34 Un hermano preguntó a un anciano: «Padre, ¿qué debo hacer? No hago nada de lo que debe hacer un monje. Soy negligente, como, bebo, duermo. Me acometen muchos pensamientos torpes, paso de un trabajo a otro, de unos pensamientos a otros pensamientos».
El anciano le dijo: «Quédate en tu celda y haz lo que puedas procurando no perder la paz. Lo poco que ahora haces equivale a los grandes trabajos del abad Antonio en el desierto; porque creo en Dios que el que permanece en la celda por su amor, vigilando su conciencia, se encuentra en la misma situación que Antonio».

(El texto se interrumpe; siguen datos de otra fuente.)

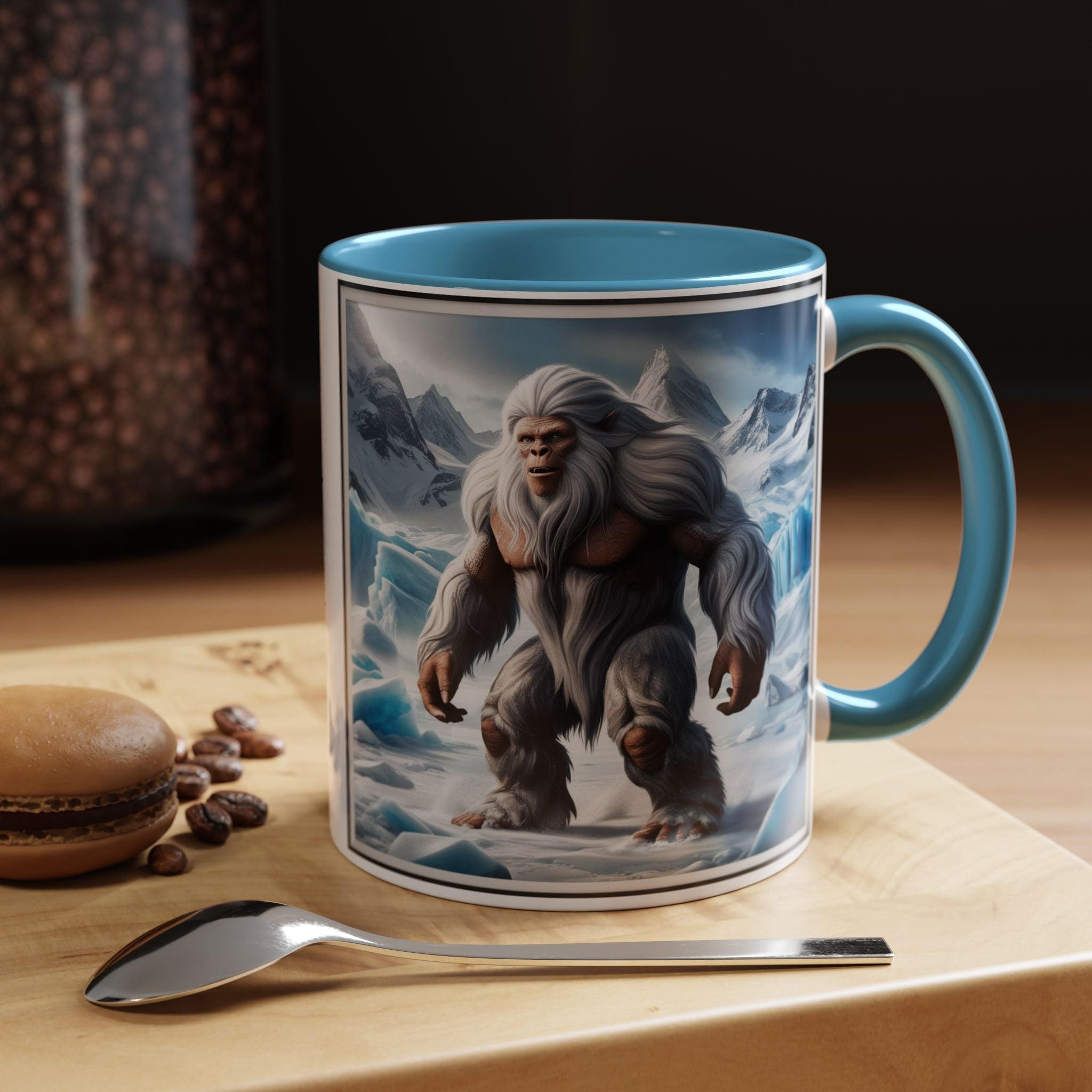Yeti Coffee Mug: Abominable Snowman, Himalayan Mountain Cryptid, Bigfoot Camping Gift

35 Le preguntaron a un anciano cómo debía obrar un monje fervoroso para no escandalizarse al ver que algunos hermanos volvían al mundo. Y respondió: «El monje debe observar cómo los perros cazan a las liebres. Uno de ellos ve una liebre y la sigue. Los otros, que sólo han visto correr al perro, le siguen durante cierto tiempo, pero luego, cansados, se vuelven. Sólo el perro que ha visto a la liebre la persigue hasta que la alcanza.
La dirección de su carrera no se modifica porque los otros se vuelvan atrás. No le importan ni los precipicios, ni las selvas, ni las zarzas. Le arañan y pinchan las espinas, pero no descansa hasta que ha logrado su presa. Así debe de ser el monje que busca a Nuestro Señor Jesucristo. Mira sin cesar a la cruz y pasa por encima de todos los escándalos que encuentra, hasta llegar al Crucificado».
36 Decía un anciano: «Un árbol no puede dar fruto si se le trasplanta a menudo de un lugar a otro. Tampoco el monje que emigra con frecuencia puede dar fruto abundante».
37 Un hermano que estaba tentado de abandonar su monasterio se lo contó a su abad. Este le contestó: «Vuelve a tu celda, haz oblación de tu cuerpo a las paredes de tu celda y no salgas de ella. No te preocupes de tu tentación. Piensa lo que quieras, pero que tu cuerpo no salga de la celda».
38 Decía un anciano: «La celda de un monje es el horno de Babilonia, donde los tres jóvenes encontraron al Hijo de Dios. Es también la columna de nube desde la que Dios habló a Moisés».
39 Durante nueve años un hermano fue atormentado por el deseo de abandonar su monasterio.
Cada mañana preparaba sus cosas como para marchar. Y cuando llegaba la tarde, decía: «Mañana me marcho de aquí». Pero por la mañana pensaba: «Venzámonos un poco y aguantemos hoy aquí por el Señor».
Hizo esto día tras día durante nueve años, y entonces el Señor le libró de su tentación.